“I’m very appreciative of these scientists. They came forward. They’re like a lot of people. They’re concerned about our future so they came forward with their ideas. I’m looking for solutions. We’ve done a lot of things. We know that Charlie Crist failed us on the environment. He didn’t focus on these things. He’ll talk about things all the time but he just won’t get anything done. We’ve done a lot more things but we’re going to continue to do more.”
– Gov. Rick Scott at the Brandon Chamber of Commerce on Aug. 19
Amount Gov. Scott says he is “talking about” investing in new springs as alternate sources of water for the state
Amount Gov. Rick Scott’s re-election campaign has received from utility giant Florida Power and Light and parent company NexEra Energy; the Republican Party of Florida has received $700,000
Amount Gov. Scott says that his administration has spent on flood mitigation, with $100 million spent to protect the state’s reefs
In the piercing heat of a fading August in this paved paradise we call home, it’s sometimes difficult to think about what lies beyond the horizon. But scientists and those who care about science (or facts, or life, or the future generations) continue to nip at the heels of those bathing in the chilly river of denial that apparently meets its dam somewhere around the term “climate change.” The refrain “I’m not a scientist!” has become a talking point that plays well in places like the Villages ever since Marco (Polo!) Rubio uttered it two years ago while shining his dunce cap and explaining why he didn’t think human activity contributes to global warming. The world changes itself, man. We can’t do anything about it.
Except the heat is now on some of the very politicians who don’t want to believe that climate change is a thing. Gov. Rick Scott, also “not a scientist,” has been enduring some public ire in the wake of the recent scientific predictions that major parts of Florida will be underwater within the century.
Other parts of Florida are potentially facing water shortages or saltwater intrusion into aquifers. Basically, Florida’s exploited environment is on the verge of crisis due to drastic cuts in environmental protection over the last few years. Time to make an appearance!
On Aug. 19, Scott pulled the clouds in his coffee together just long enough to sit down with five Floridian climate scientists and discuss all of the problems the state is about to face. Except, he didn’t really want to talk about problems.
“What I want to talk to you about is not causation so much, but solutions,” Scott told a gathered media throng the next day, according to Creative Loafing Tampa. “I’m a solutions person.”
Hmm, OK. But we kind of have to know the problems first. And apparently the only reason Scott agreed to sit down with the science club was not because he wanted to talk about any problems, but because his shape-shifting opponent, Charlie Crist, said he would do it first.

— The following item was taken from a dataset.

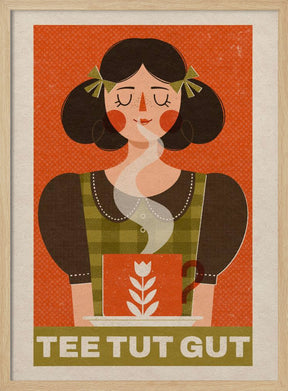 Tea Lover Poster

Anyway, according to the Miami Herald, the scientists had pretty well dumbed down their pleas for attention before even meeting with Scott.
“This is not complicated,” David Hastings, a professor from Eckerd College, told the Herald. “We teach this to 18-year-olds every year, and I’ve been doing it for 25 years. It’s not hard science.”
What is hard, however, is that noggin atop Scott’s shoulders. Even after hearing individual (timed) presentations about the ocean swallowing us, humans changing the atmosphere, melting polar ice caps and, gulp, how many jobs actually addressing climate change could bring – because JOBS! – Scott defaulted to Small Wonder mode and robotically spoke in pleasantries, according to the Herald.
“There was, in fact, no acknowledgment of the issue nor was there any reflection on the seriousness of the issue,” Hastings told the Herald after the event. “I’m concerned he might not do anything.”
But when pressed on the issue the following day, Scott was in full attack mode, saying, in effect, that he has been so much more environmental than Crist ever was, bitches. There were numbers thrown around, but none of them could quite counteract the sting of the truth dredged up by Politifact back in March after Scott was touting his environmental record for the State of the State dance with himself.
For instance, Scott tried to kill the Florida Forever land conservation program in 2011, he shut down the Department of Community Affairs, he weakened water-management districts, and, most tellingly, his spending on the Department of Environmental Protection was lower on average than it had been in the two administrations preceding him. For being a “solutions” guy, he’s not very good at math. Oh, and let’s not forget the hunting excursions Scott went on with Big Sugar money, which was recently brought to light. Big Sugar isn’t exactly into the environment.
So pardon us if we don’t believe Scott’s newfound embrace of a tree (or an ocean, or a reef). We may not be scientists, but we certainly know better.